Under the proposal, Greek lenders would transfer the about half of their deferred tax claims to a special purpose vehicle, which would then sell bonds and use the proceeds to buy the bad loans from lenders, the Bloomberg financial news agency said.
“We urgently need something like a bad bank, an asset management company,” Bank of Greece Governor Yannis Stournaras said at an event in Geneva. “We’re trying now, we’re developing a plan in the Bank of Greece to use the deferred tax credit or claims of banks vis-a-vis the state. And we do that because this has been state aid that has already been approved.”

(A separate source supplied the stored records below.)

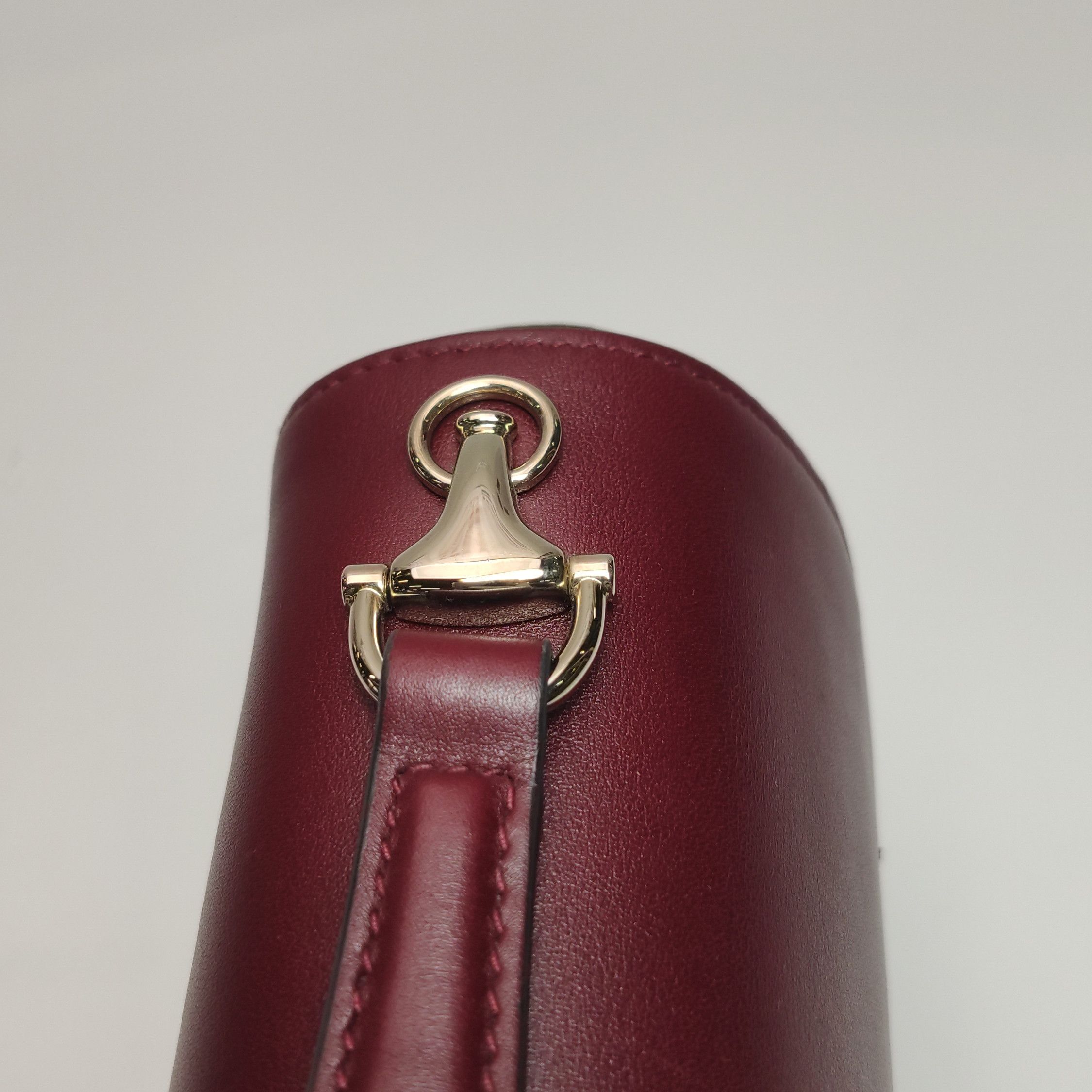 Gucci Gucci Women os Shoulder Bags Size ONE SIZE - 16 Thumbnail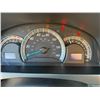 Image 6 : TOYT CAMRY 2014 APP  DUP/T-DON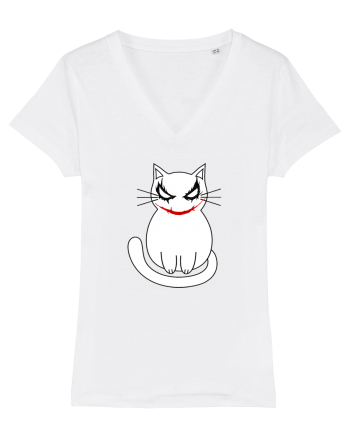 Kitty White
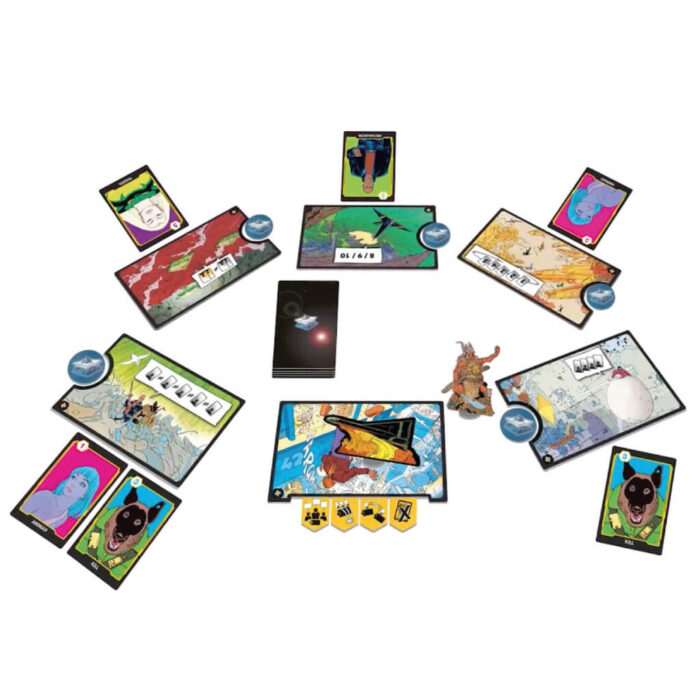 l-incal-infini int jeu cooperatif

Prime Minister and Radical Left SYRIZA leader Alexis Tsipras, breaking yet another promise, is letting banks sell bad loans as well to vulture collectors who are harassing indebted bank clients to pay but are not going after the former ruling New Democracy and its then-partner, PASOK, which owe 250 million euros ($282.51 million) because the bank officers who approved the loans without sufficient collateral were given immunity.
Greek bank stocks have dropped by some 40 percent this year amid lingering doubts that they can deal with the growing bad debt weighing down their portfolios and as European supervisors have asked them to reduce their non-performing exposures by about 60 percent by the end of 2021.